Which raises the question of who deposits what where.  Many AK students are famous and courted by major institutions.  Marshall Mason’s papers will go to the Lincoln Center for the Performing Arts.  Other are academics with close affiliations where they teach.  My cohort is crossing into our seventies, so we are actually having OUR students archive materials about US.  My own work is split among quite different fields so will be scattered.  

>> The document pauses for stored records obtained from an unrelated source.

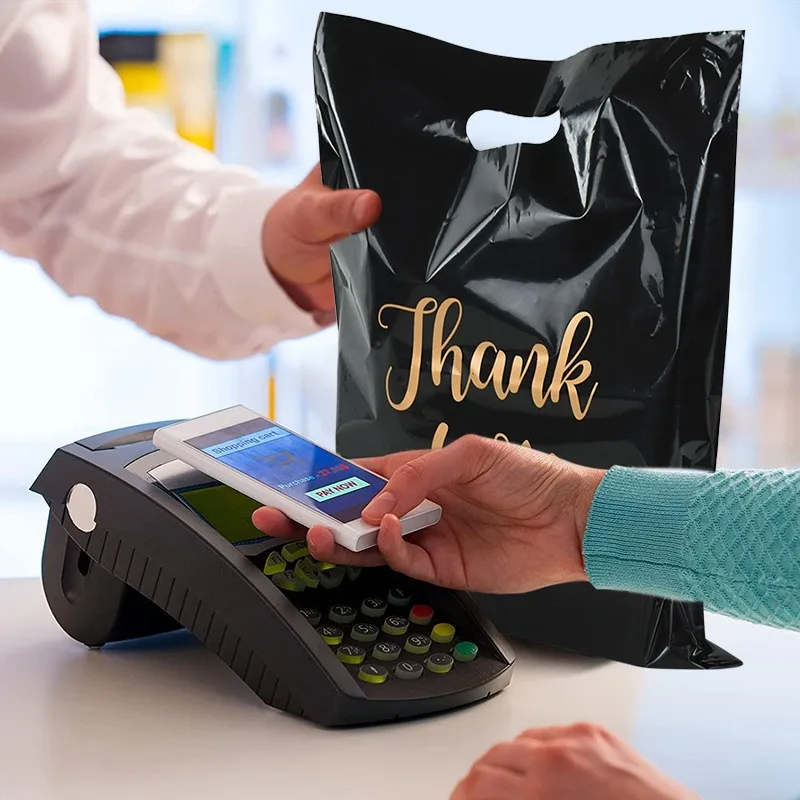 10/100PCS Thank You Handbag Product Shopping Bag Candy Gift Candy Packaging Thanksgiving Wedding Birthday Party Decoration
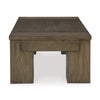 ROSSWAIN CENTER TABLE - BROWN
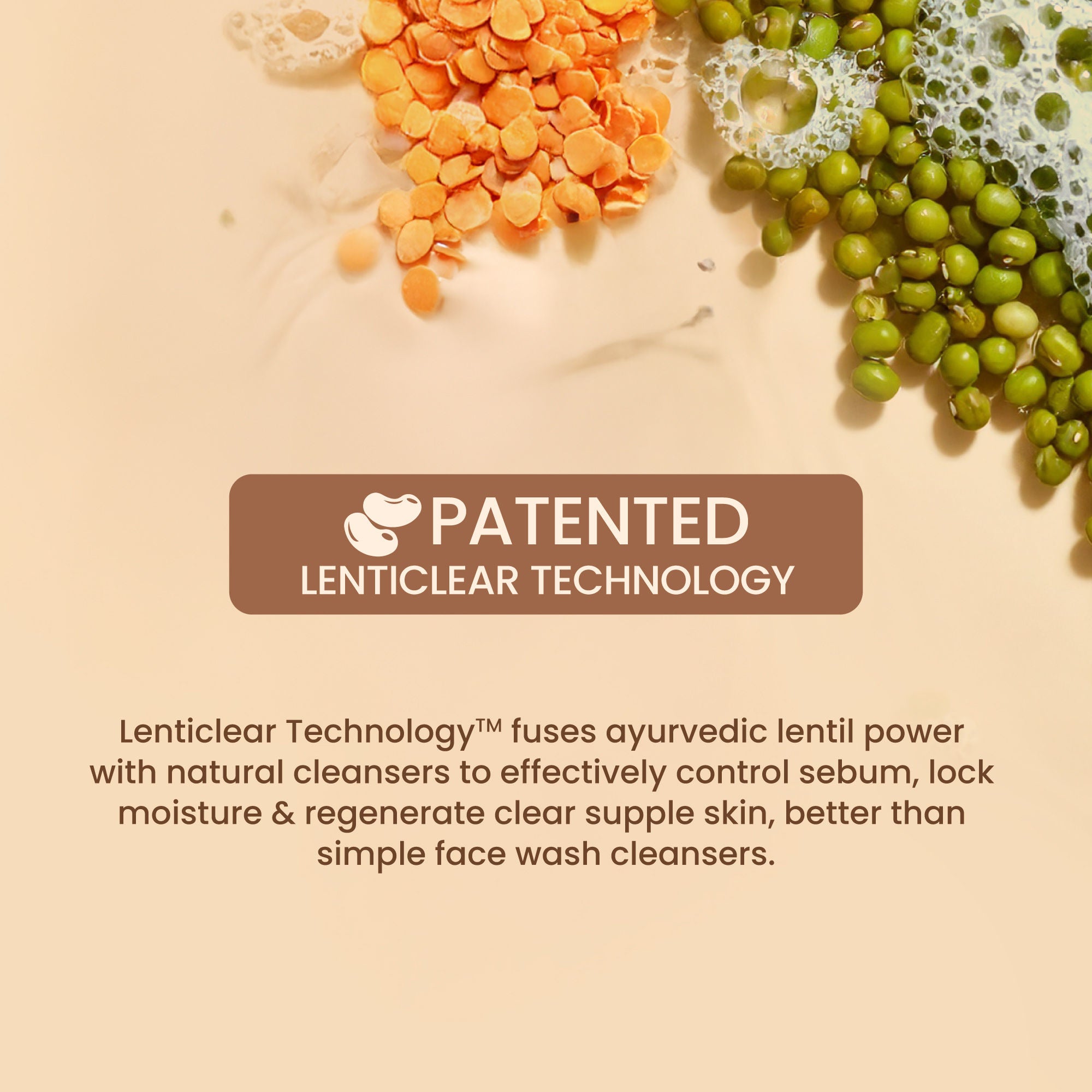 Fresh Masoor Dal Face Wash For Combination Skin, Face Cleanser For Brightening & Tan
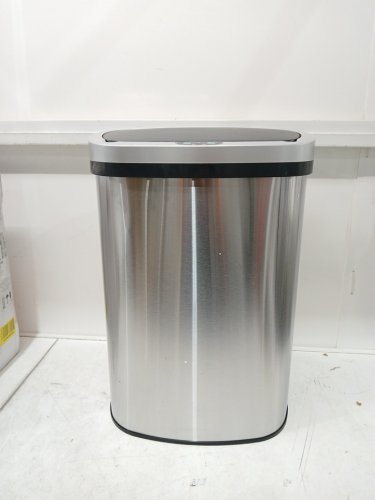 procosia hands free trash can with built in motion censor - 82l - stainless steel (model: tc-2180r-ss) image 4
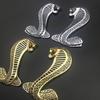 3D Metal Cobra Snake Cobra 3D Emblem Sticker Metal Auto Car Shelby Mustang Gold ,Silver GT MYCT-54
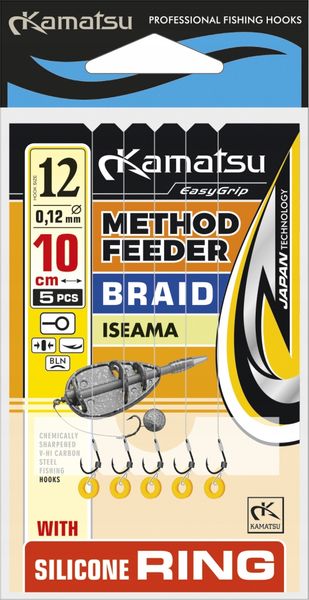 Przypony KAMATSU Method Feeder 12 ISEAMA 10cm zdjęcie 1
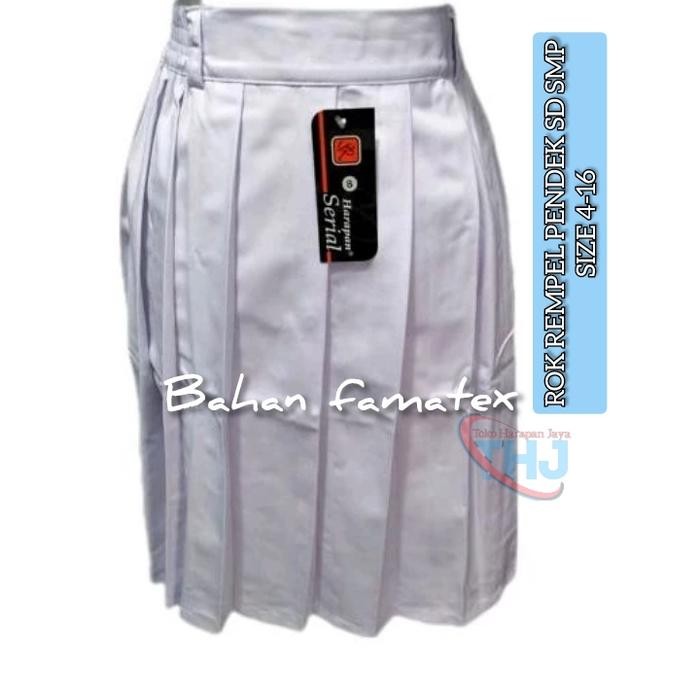 (Expert) SIZE JUMBO...Seragam sekolah Rok pendek SD SMP Rempel Merah/putih/pramuka/Rok seragam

Some people or their executors don’t realize what importance some seemingly trivial materials might have for researchers.  Leonard tells me they often get inquiries by people writing histories of performance arts, crucial in the 20th century when camera acting was just coming to fruition and experimental theatre was taking hold even out on the street.  If there’s any question in your mind about it, contact Leonard for advice.  Not me!

Tuesday, July 2, 2013

MORE IMAGES OF ALVINA KRAUSE FROM JACK PEYROUSE

This drawing was done by a student at Doane College.


1966 with Jack Peyrouse

These photos were taken at workshops done at Doane College while Peyrouse was the head of the drama department.  She came yearly for three years.



PHOTOS OF AK AT WORK

These photos come from Jack Peyrouse who was a student of Alvina Krause's in the early Sixties.  Doane College is in Crete, Nebraska where she received her honorary
doctorate.  They show AK at work in rehearsal, moving among the actors to whisper into their ears, put her hand over a mouth, comment on behalf of the character or the playwright, and all the other strategies to evoke total engagement.

AK grew up in New Lisbon, Wisconsin, but I don't know how close that is to Doane College.  Still she was a American from the Midwest and felt at home there.